— What the task asks —
Leaving out all pictures, repeat exactly the lines from the one that holds "7/8-lang Outfit mit" to the last line of the entries below.
------------------------------------------------------------
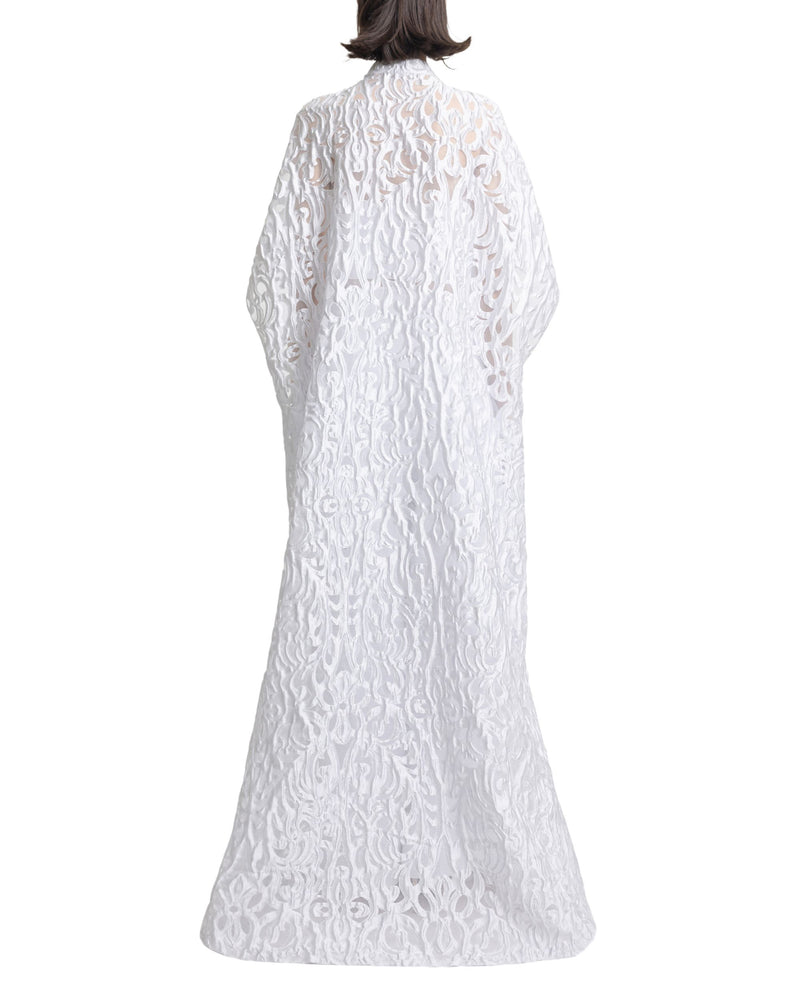 Open Floor-Length Light Grey Kaftan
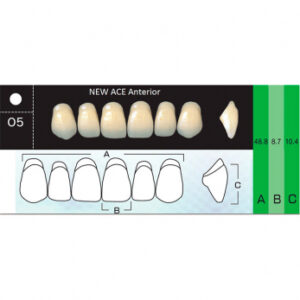 New Ace Anterior зубы акриловые двухслойные, фронтальные верхние, фасон O5, цвет A1, 6 шт.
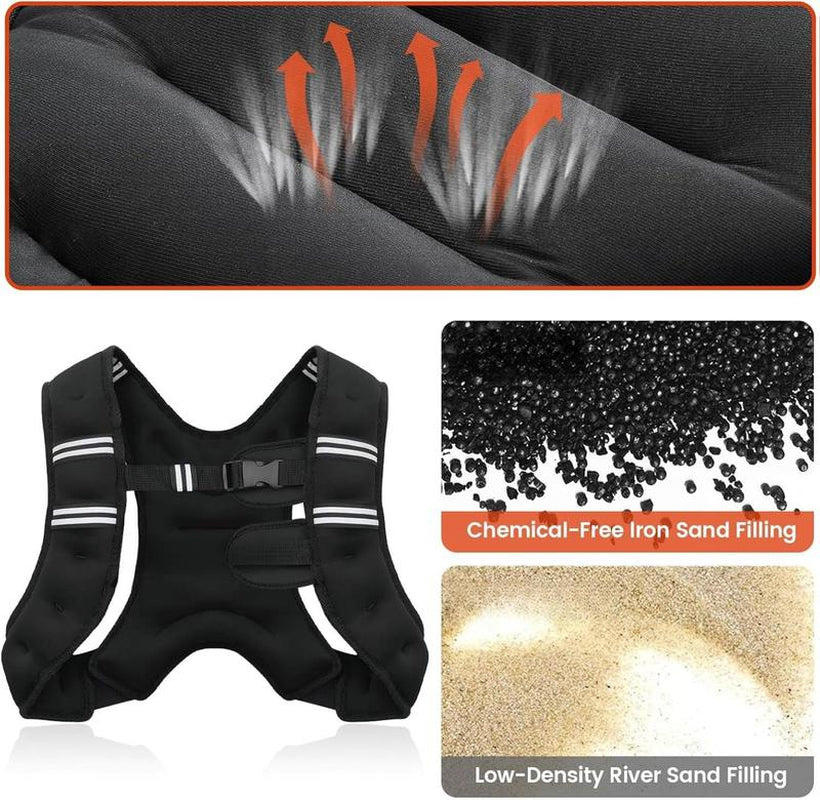 [New Deal] - Weighted Vest, 6Lb/8Lb/10Lb/12Lb/16Lb/20Lb/25Lb/30Lb Weight Vest for Men Women, Body Weight Vests Adjustable with Reflective Stripe for Strength Training, Running, Workout, Jogging, Walking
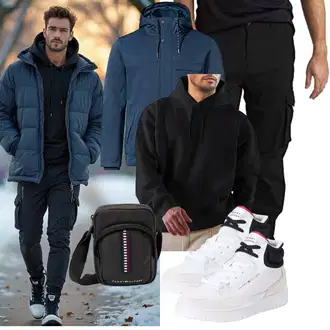 7/8-lang Outfit mit Schwarz/Dunkelblau/Khaki/Orange BlauerHafen "Freizeit Outfit"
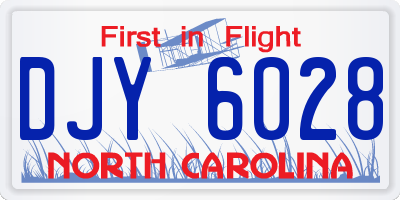 NC license plate DJY6028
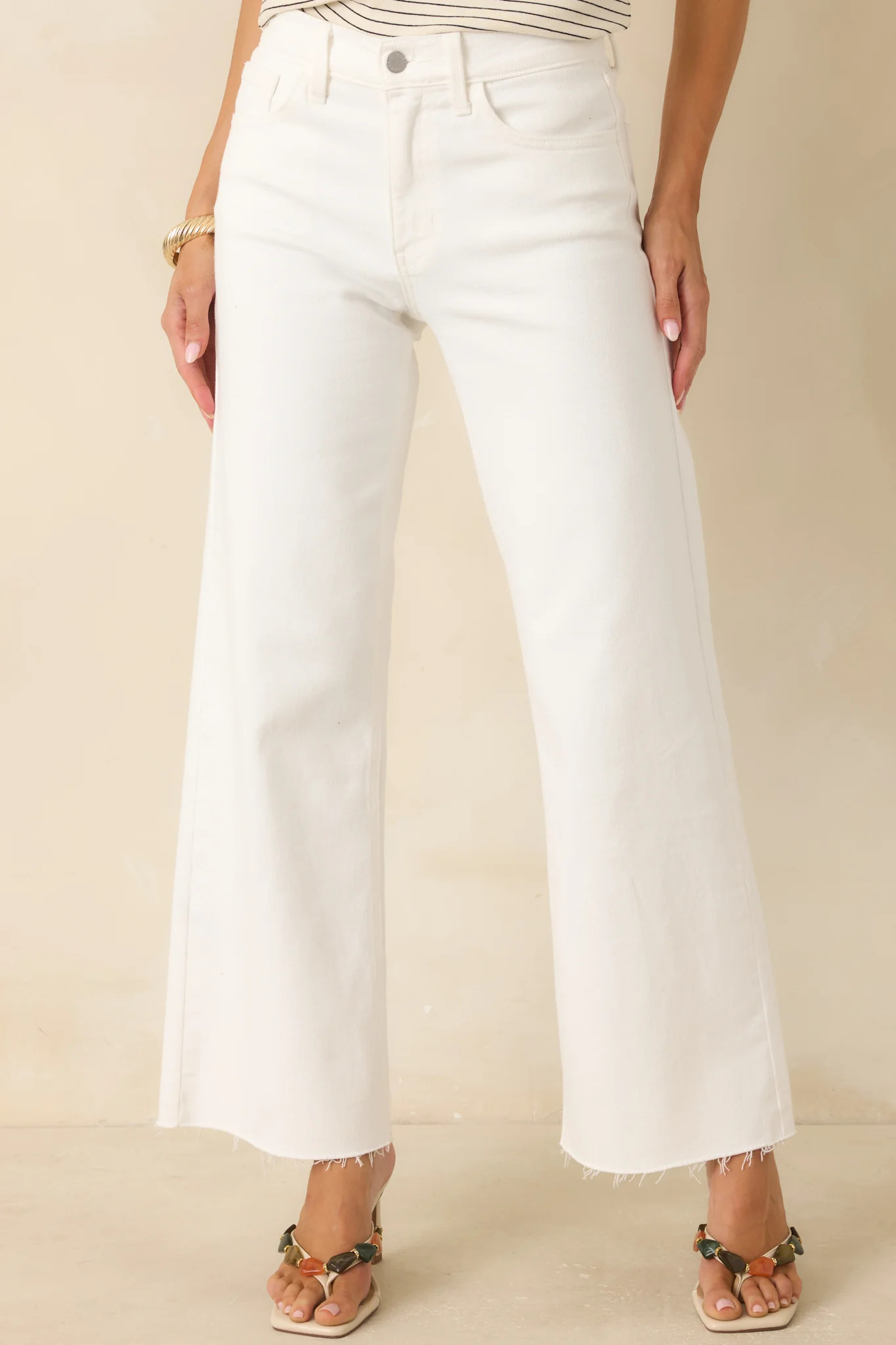 In The Countryside White Straight Leg Jeans | Red Dress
------------------------------------------------------------
— Exercise solution —
 7/8-lang Outfit mit Schwarz/Dunkelblau/Khaki/Orange BlauerHafen "Freizeit Outfit"
 NC license plate DJY6028
 In The Countryside White Straight Leg Jeans | Red Dress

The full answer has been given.